## SUPPLIED INFORMATION
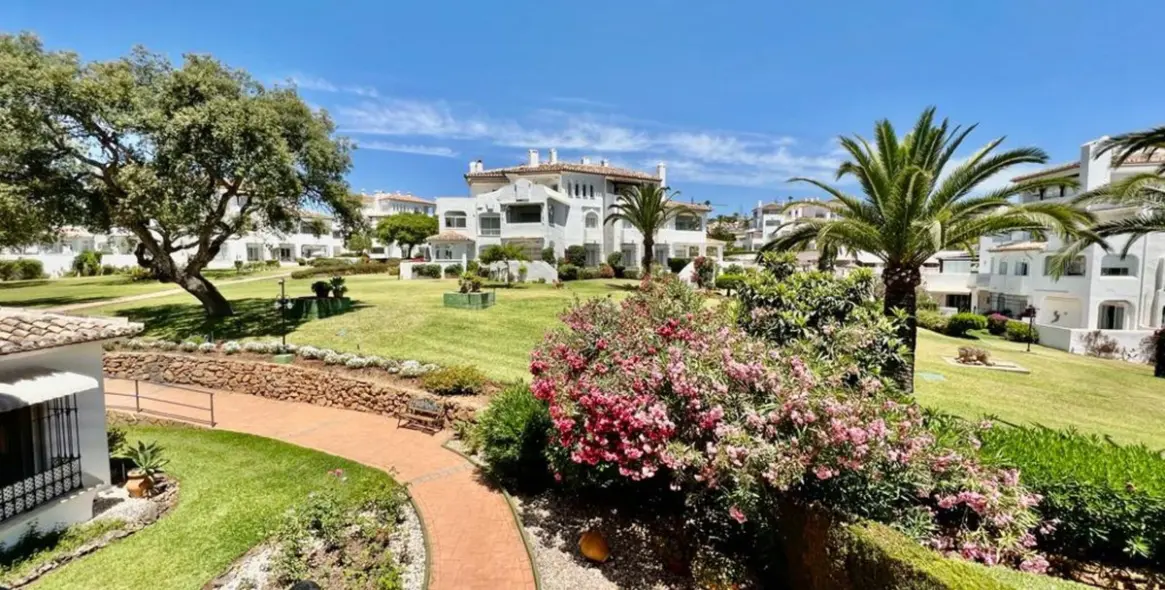 Sale of middle floor apartment in Elviria 26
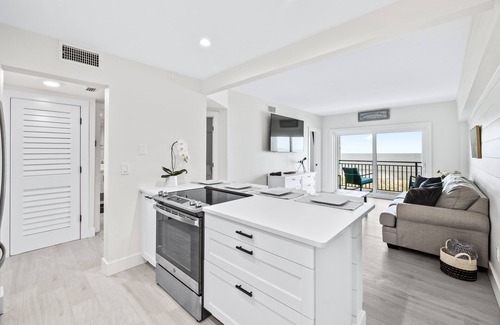 Jacksonville Beach Condo | Beach Front BalconynLuxury Condo Directly on the Ocean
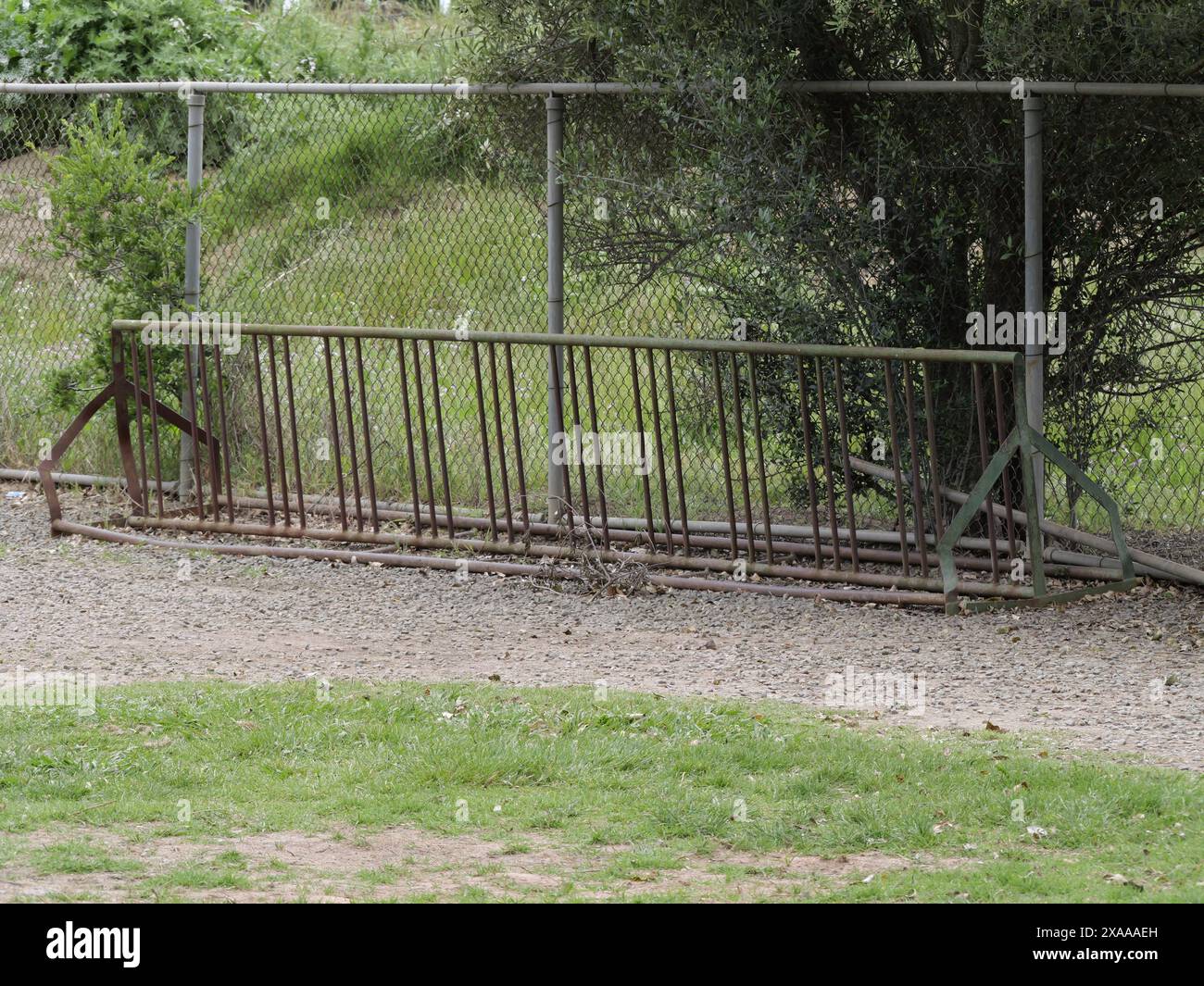 Rusty Bike Racks Rack fence hi-res stock photography and images - Alamy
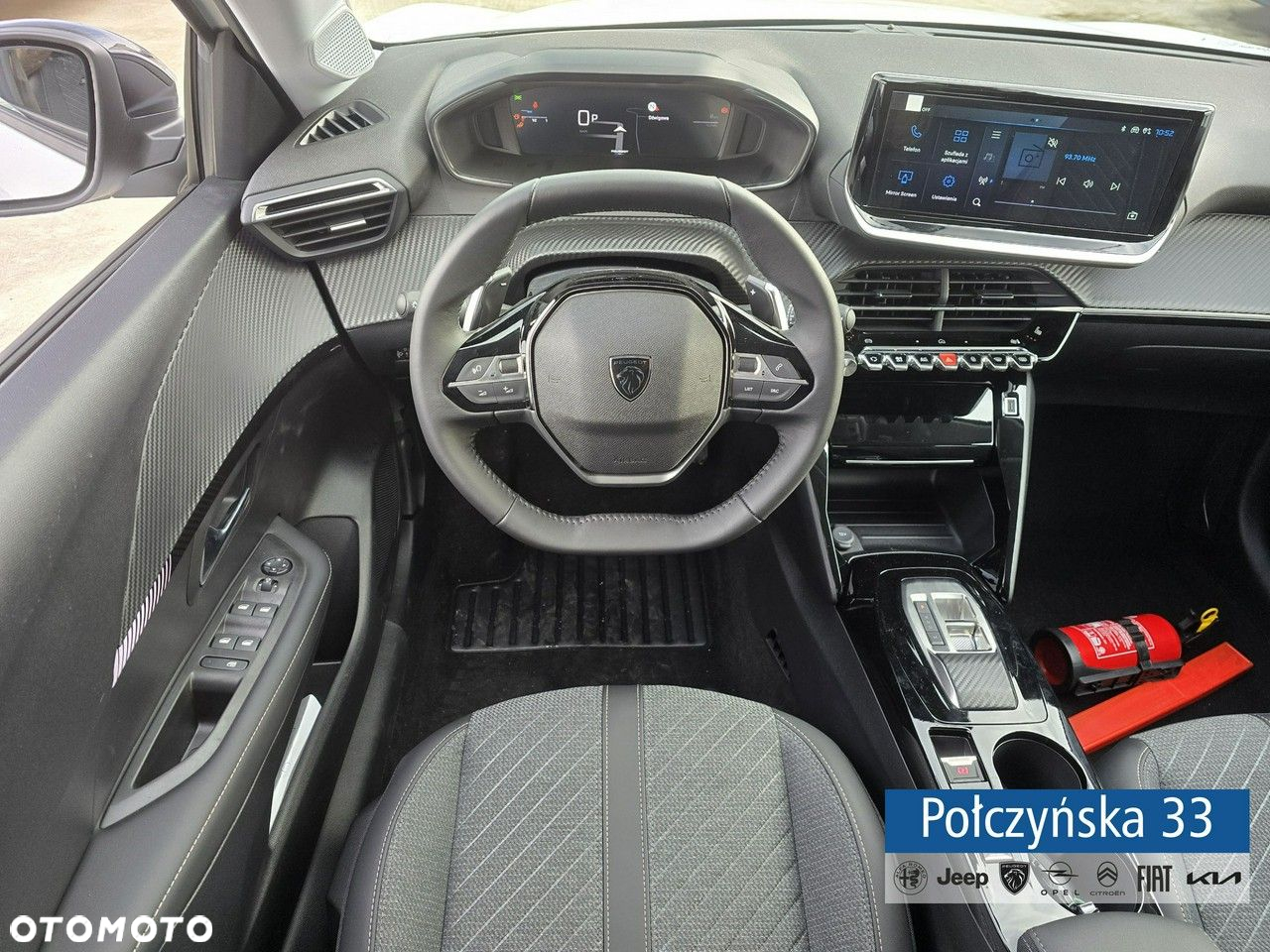 Peugeot 208 - 34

## WORK ORDER
What you return should be the whole listing, word for word, without its pictures.

## ANSWER BOX
 Sale of middle floor apartment in Elviria 26
 Jacksonville Beach Condo | Beach Front BalconynLuxury Condo Directly on the Ocean
 Rusty Bike Racks Rack fence hi-res stock photography and images - Alamy
 Peugeot 208 - 34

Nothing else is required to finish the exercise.